As a former fitter, Soden is interested in the mechanics of creating a wardrobe to fit a particular space. "Every wardrobe is measured individually. We come out to the house and draw out the design on a lap-top. People like being able to see a 3D image of the room, including the windows and the existing furniture. It helps them to visualise how the wardrobe is going to work in practice."
The Komandor range comes in many different colours and finishes, but oak is by far the most popular. "The guy that makes these up says that he sells more oak wardrobes to Ireland than to the rest of Europe put together," says Soden. "It's blends in with the rest of the room and doesn't scream 'I'm a wardrobe'!"

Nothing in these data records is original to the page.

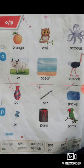O, O, Orange. O, O, Owl. O, O, Octopus. O, O, Ox. O, O, Ocean. And O, O, Ostrich. Got it?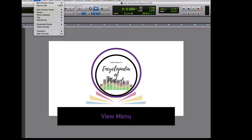With this series, I'm attempting to document as much of Pro Tools as I can, in a way that is easy to use, fast, and efficient, so that you can spend less time trying to figure out this software and more time working with it. In this installment, we will be taking a look at the functions of the View menu. The View menu has to do with the visual characteristics of your edit and mix window interfaces.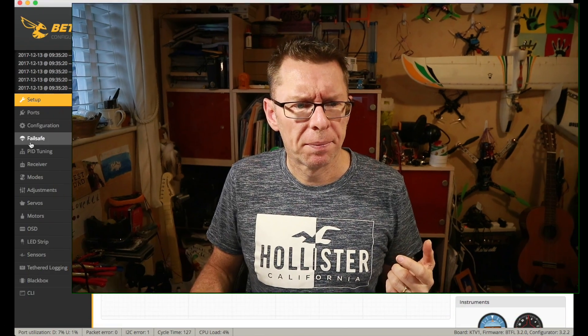Hello! Welcome back to Betaflight Basics and this time we're going to look at the PIDs tab. Without further ado, let's get on with that.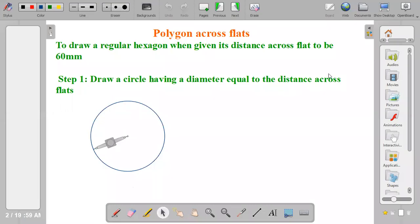Polygon across flats. Polygons can be drawn across flats and across corners. In this video, I'm going to teach you how to draw a hexagon when you're given its distance across flats.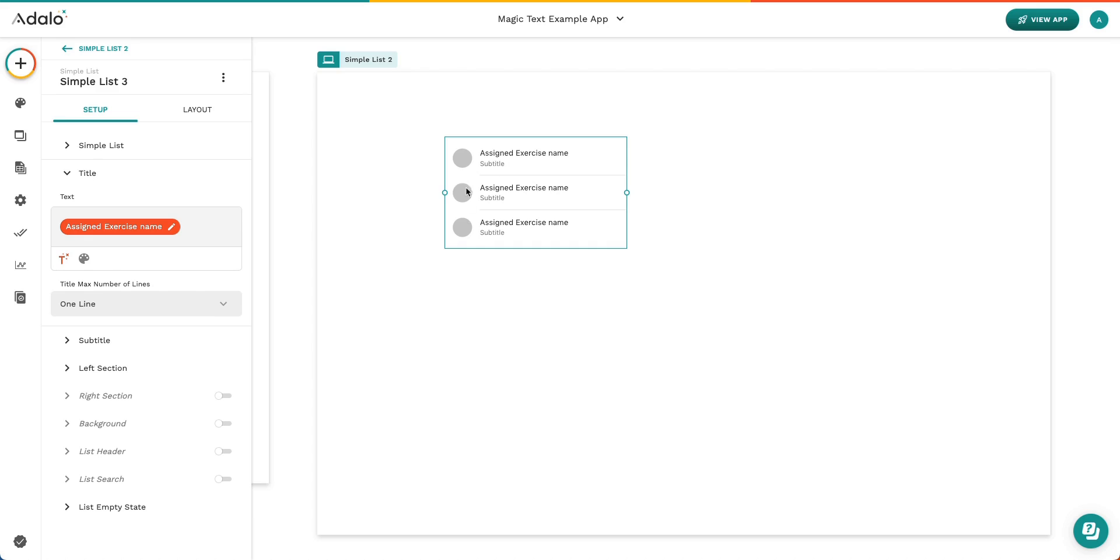All right. That's all I have on Magic Text today. In the next video, we're going to be talking about what logged in user and current user mean. And so that's another important thing to understand when it comes to Magic Text. So be on the lookout for that video. Thank you.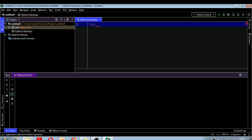A for loop is used for iterating over a sequence. The sequence can be a list, tuple, dictionary, or the characters of a string. We can iterate the for loop on any such sequence of characters or values. With the help of a for loop, we can execute a set of statements once for each item in a list, tuple, set, or directly over a specific range of values.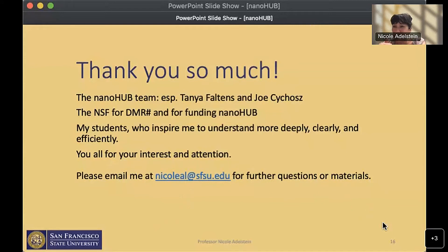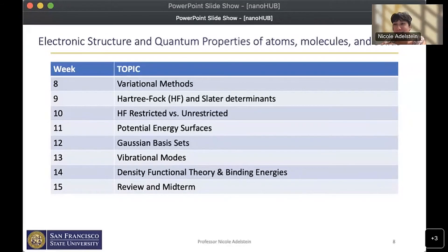Thank you Dr. Adelstein, that was a great presentation. First question: how do you introduce DFT to students with no background in quantum mechanics? Quantum mechanics is a prerequisite for this course. We do a review — the first week is called variational methods, which is an intense review of quantum mechanics up through variational methods. Students are expected to have taken quantum before. Alternatively, you could skip discussing the theory of DFT and just use it as another simulation tool.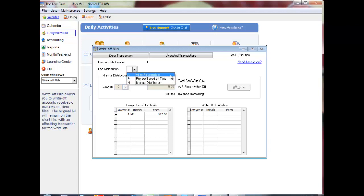Continue entering transactions as necessary. You can access the Unposted tab to delete your transactions. You can exit without posting and continue entering transactions at a later time. Click Post to finish.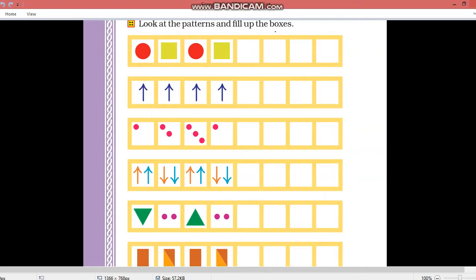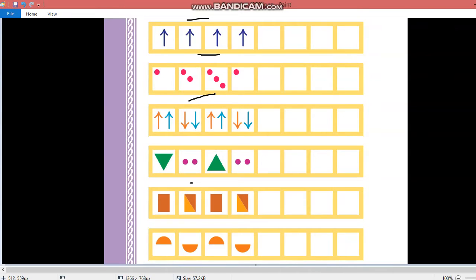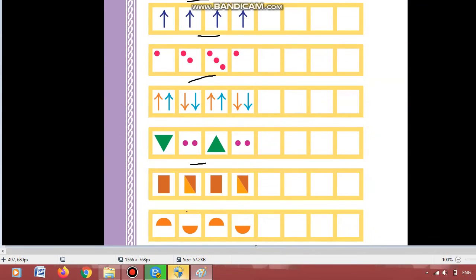Good morning dear students. Today I am giving you a question from the chapter on patterns. The question is: look at the patterns and fill up the boxes. You have to observe the patterns and then complete them.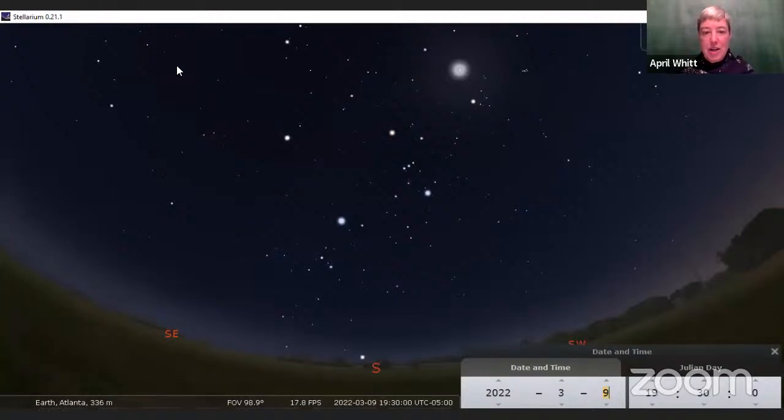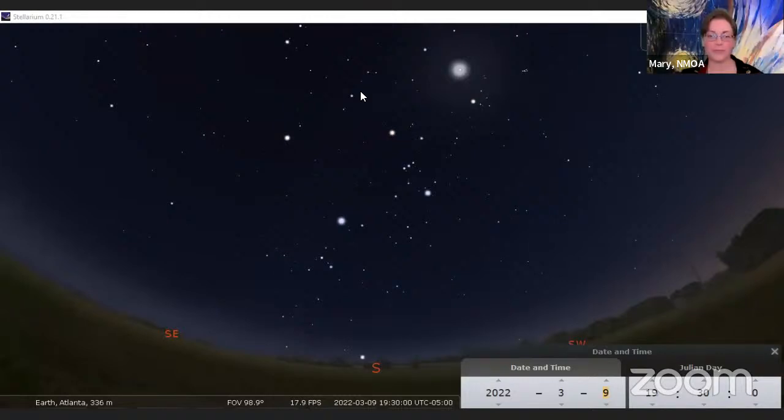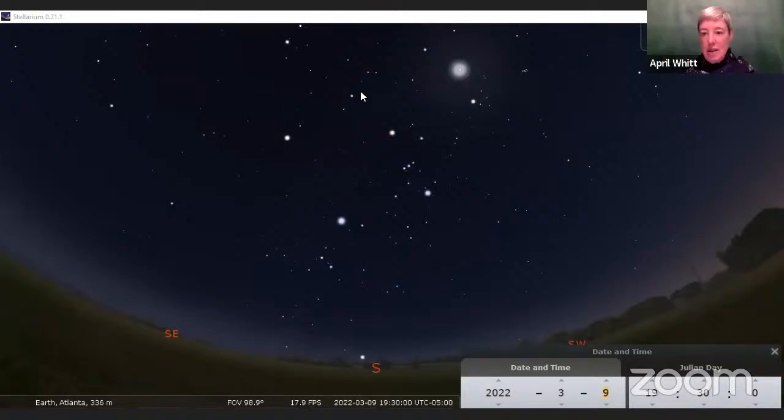A waxing moon means it's getting bigger. Every night it's a little bit fatter. Each night it will be a little further toward the east and a little bit fatter looking until it gets to full moon phase. And on that day, the full moon rises just as the sun is setting. Anybody have any questions about the moon?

Part of Soden's job is to help people choose a finish that they're going to be happy with over time. "A quality built-in wardrobe should last 30 years," he explains. "You would not believe the number of mammies that come in to me with a little girl who wants a pink wardrobe. I've only actually sold three of them. I remind them that she's only seven and in five years time she'll be a moody teenager. She won't want a pink wardrobe then. She'll want a black one."
Part of the design process is selecting interior fittings. "That's where you'd spend the money," says Soden. "It's like buying a car, if you want to put in loads of extras it ups the price."
If you already have a built-in wardrobe you don't necessarily have to replace it. A few storage accessories and a bit of organisation can help your existing wardrobe work much better for you. "The normal Irish wardrobe gives you the carcass," says Olive Donovan of Howards Storage World. "It doesn't give you much else."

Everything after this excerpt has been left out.